::: Given data

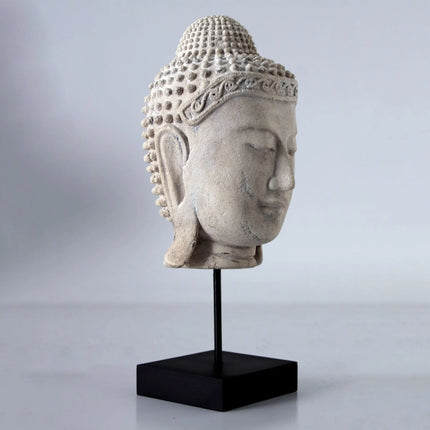 Ancient Buddha Head on Stand Stone Finish Statue LM Treasures - H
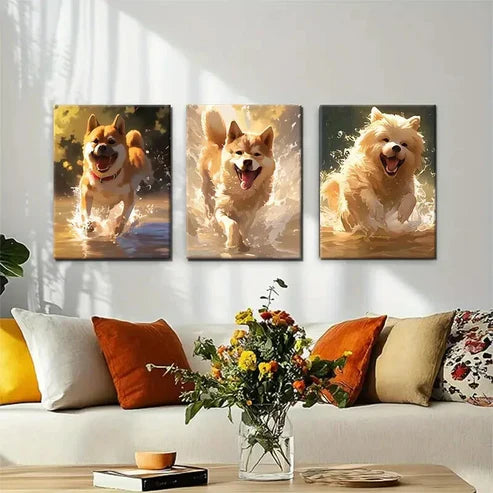 3pcs Playful Dogs Splashing in Water Perfect Wall Art Canvas Unframed - High Quality Print 100% Australian Made Wall Canvas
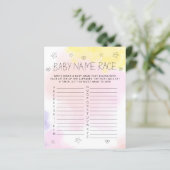 Minimale Waterverf Roze naam Baby shower Game (Staand voorkant)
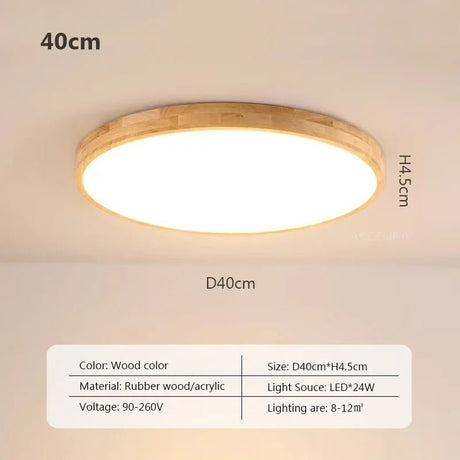 Nordic Ultra - thin Wooden Ceiling Lamp - Hans Lumiere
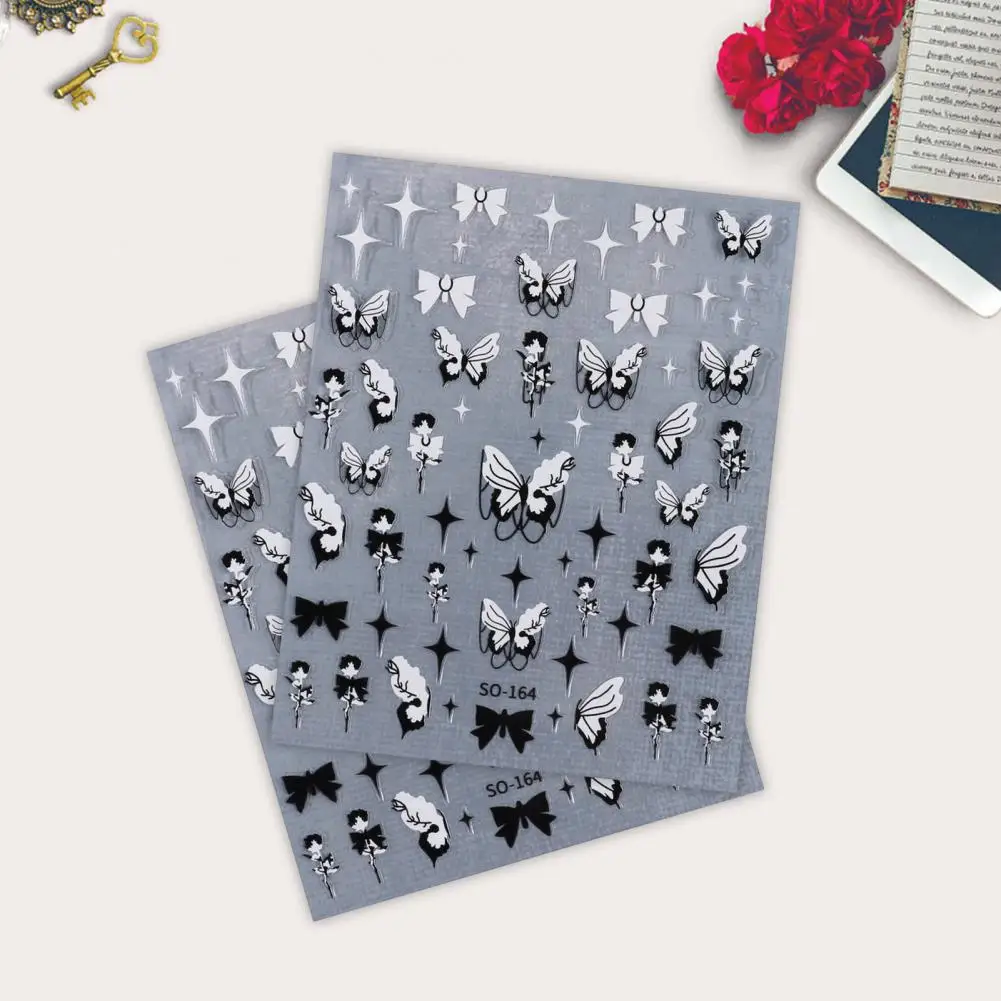 Nail Art Decoration Stickers Vintage Black Rose Butterfly Nail Stickers Fitting Decals for Fingernails Toenails Beautiful
Nail Art Decoration Stickers Vintage Black Rose Butterfly Nail Stickers Fitting Decals for Fingernails Toenails Beautiful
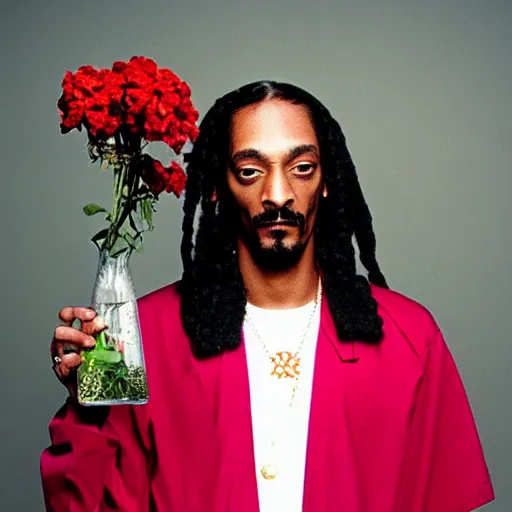 Image similar to cyperpunk Snoop Dogg holding a Vase of flowers for a 1990s sitcom tv show, Studio Photograph, portrait, C 12.0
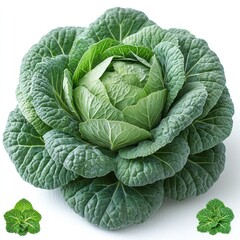 Obraz premium Savoy Cabbage: A Vibrant Green Vegetable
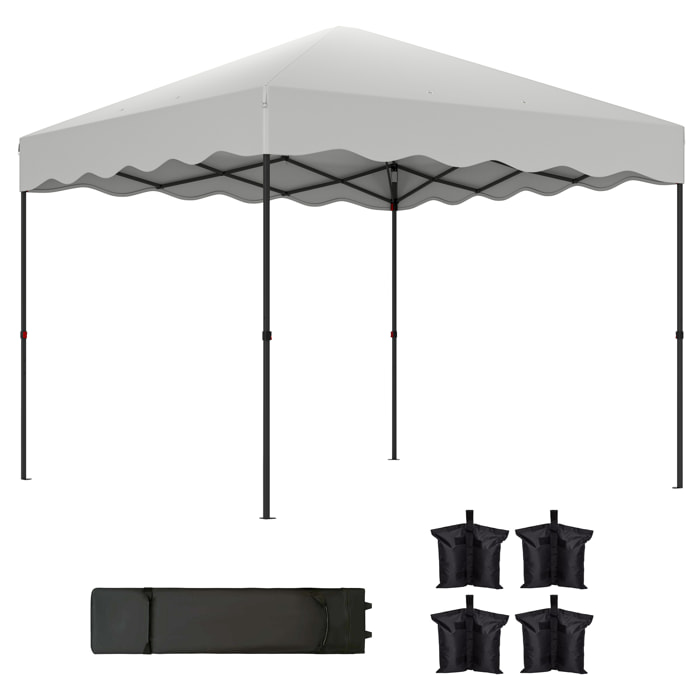 Carpa Plegable Pop-up Gazebo 3x3 m Cenador Plegable con Protección UV 50+ Altura Ajustable Bolsa de Arena y Bolsa con Ruedas para Camping Fiestas Blanco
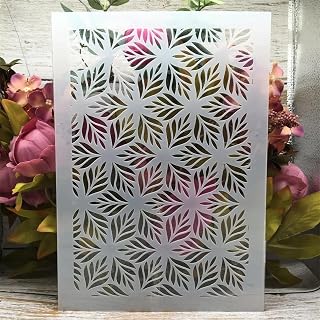 Reusable Stencils,11.42 x 8.27 Inch Grass Leaves Texture Drawing Stencils for DIY Art Craft Wall Canvas Furniture Scrapbook Home Decoration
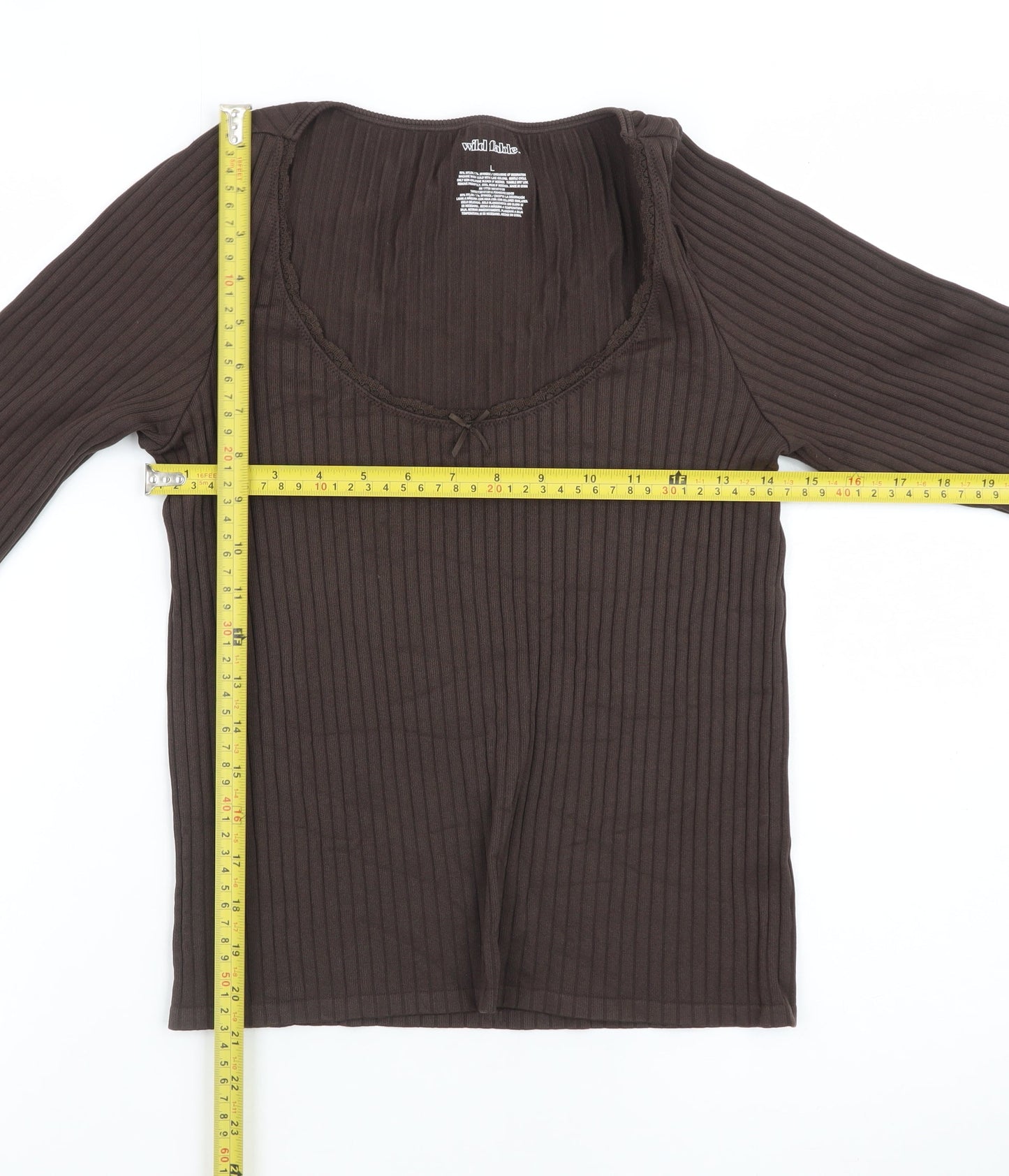 Wild Fable Women Brown Ribbed Long Sleeve Scoop Neck Top Size L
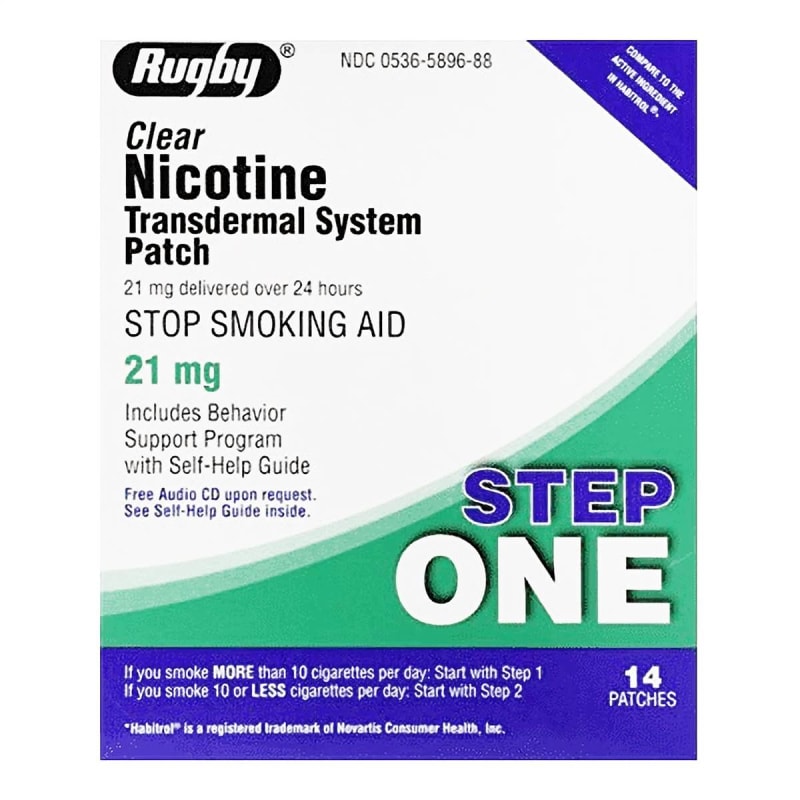 Major Pharmaceuticals RugbyÂ® Nicotine Polacrilex Stop Smoking Aid Transdermal Patch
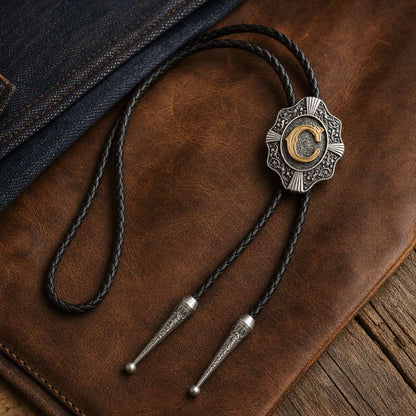 Gold initial C antique silver Western bolo tie with denim and leather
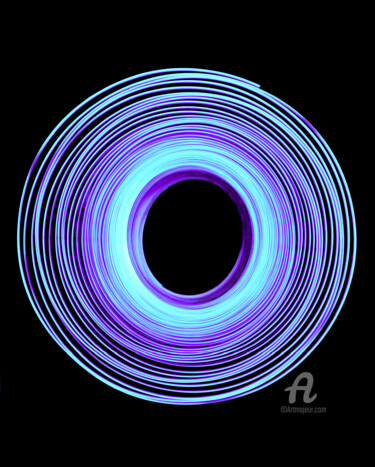 Photography titled "Lichtkreis_sw3" by Gerhard Bumann, Original Artwork, Analog photography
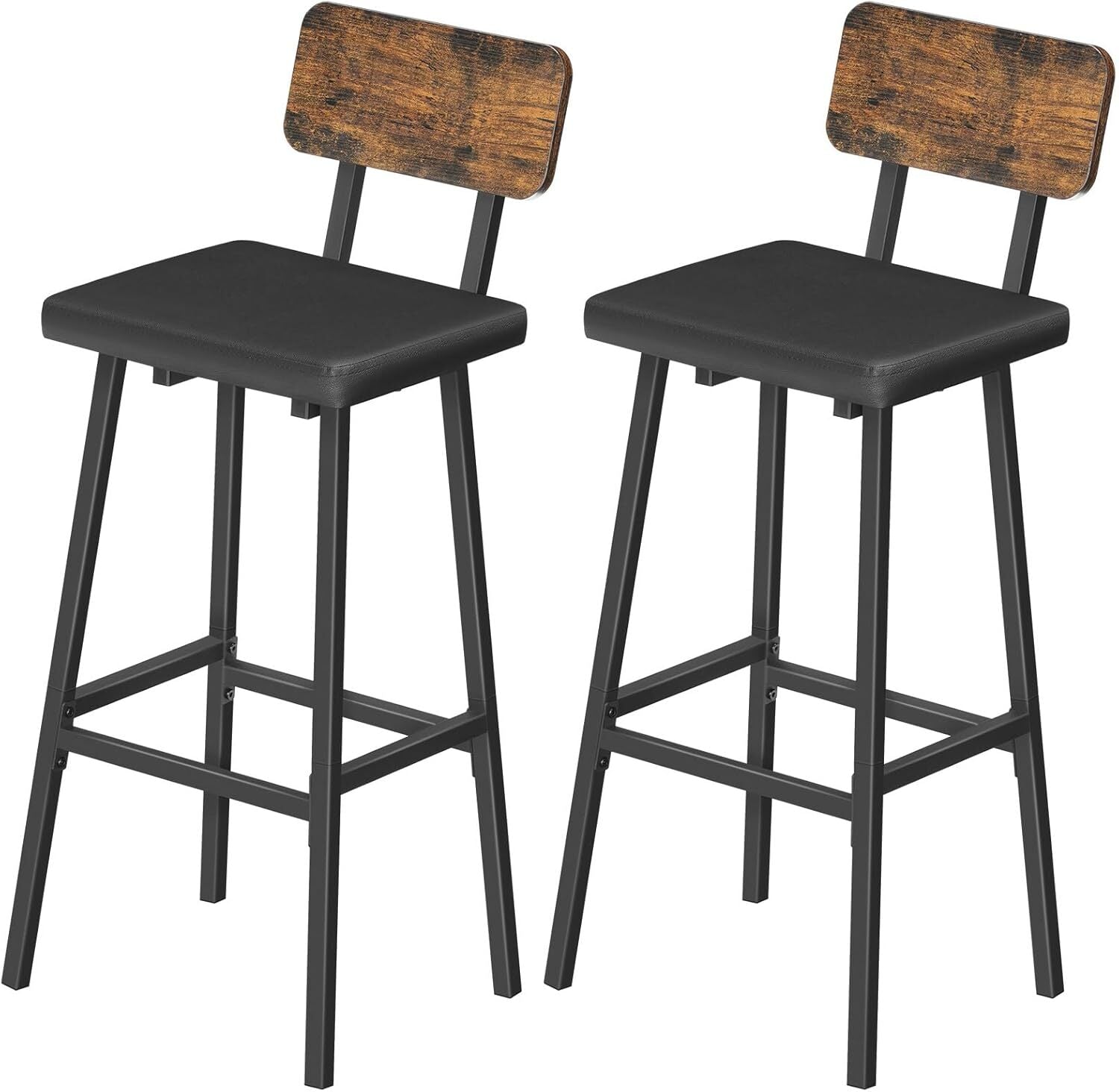 Bar Stools Set of 2 PU Upholstered Breakfast Bar Chairs Barstools with Backs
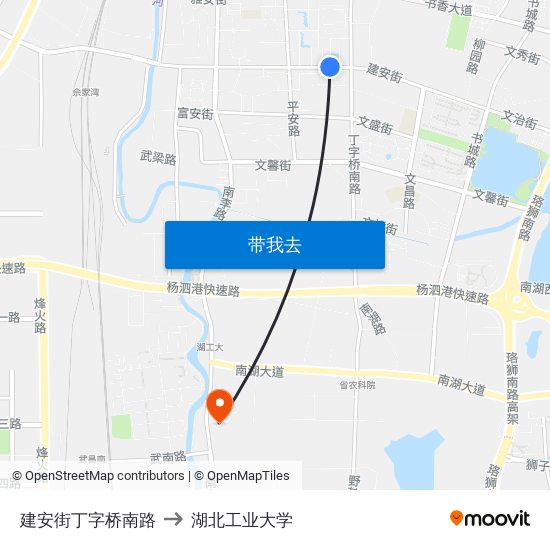 建安街丁字桥南路 to 湖北工业大学 map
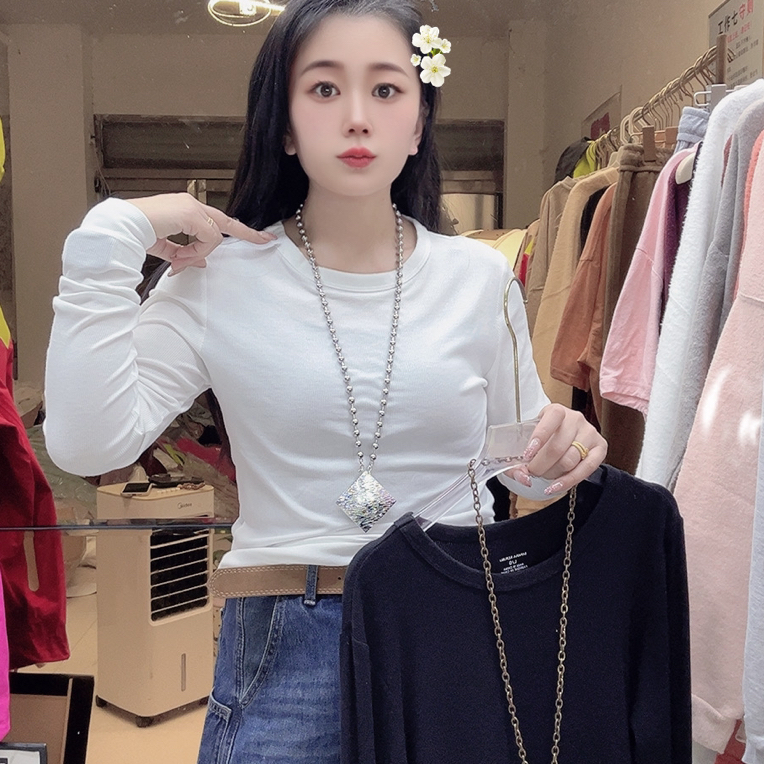 轻职风抗起球女长袖有机长袖T恤打底衫时尚圆领女士螺纹棉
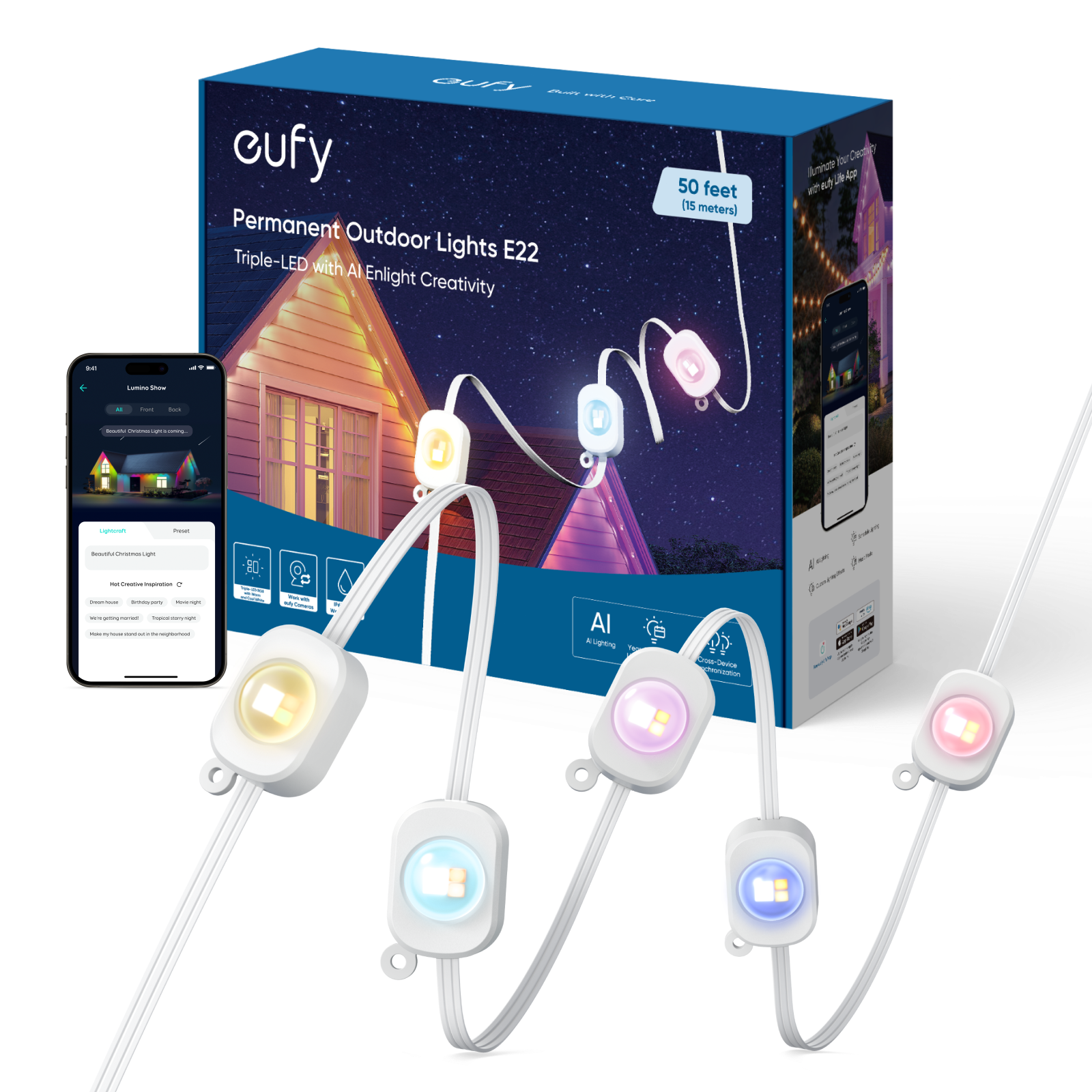eufy-permanent-outdoor-light-e22-15-m-dauerhafte-au-enleuchte-mit-30-triple-led- image 1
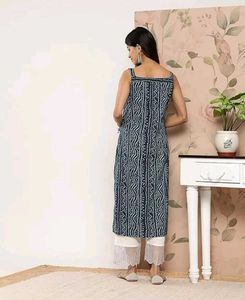 Blue Ethnic Printed Sleeveless Kurta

::::::

» **Aim of the task**: The job is to copy all the records precisely while omitting any picture.

» **Task result**:
 Ancient Buddha Head on Stand Stone Finish Statue LM Treasures - H
 3pcs Playful Dogs Splashing in Water Perfect Wall Art Canvas Unframed - High Quality Print 100% Australian Made Wall Canvas
 Minimale Waterverf Roze naam Baby shower Game (Staand voorkant)
 Nordic Ultra - thin Wooden Ceiling Lamp - Hans Lumiere
 Nail Art Decoration Stickers Vintage Black Rose Butterfly Nail Stickers Fitting Decals for Fingernails Toenails Beautiful
Nail Art Decoration Stickers Vintage Black Rose Butterfly Nail Stickers Fitting Decals for Fingernails Toenails Beautiful
 Image similar to cyperpunk Snoop Dogg holding a Vase of flowers for a 1990s sitcom tv show, Studio Photograph, portrait, C 12.0
 Obraz premium Savoy Cabbage: A Vibrant Green Vegetable
 Carpa Plegable Pop-up Gazebo 3x3 m Cenador Plegable con Protección UV 50+ Altura Ajustable Bolsa de Arena y Bolsa con Ruedas para Camping Fiestas Blanco
 Reusable Stencils,11.42 x 8.27 Inch Grass Leaves Texture Drawing Stencils for DIY Art Craft Wall Canvas Furniture Scrapbook Home Decoration
 Wild Fable Women Brown Ribbed Long Sleeve Scoop Neck Top Size L
 Major Pharmaceuticals RugbyÂ® Nicotine Polacrilex Stop Smoking Aid Transdermal Patch
 Gold initial C antique silver Western bolo tie with denim and leather
 Photography titled "Lichtkreis_sw3" by Gerhard Bumann, Original Artwork, Analog photography
 Bar Stools Set of 2 PU Upholstered Breakfast Bar Chairs Barstools with Backs
 建安街丁字桥南路 to 湖北工业大学 map
 轻职风抗起球女长袖有机长袖T恤打底衫时尚圆领女士螺纹棉
eufy-permanent-outdoor-light-e22-15-m-dauerhafte-au-enleuchte-mit-30-triple-led- image 1
 Blue Ethnic Printed Sleeveless Kurta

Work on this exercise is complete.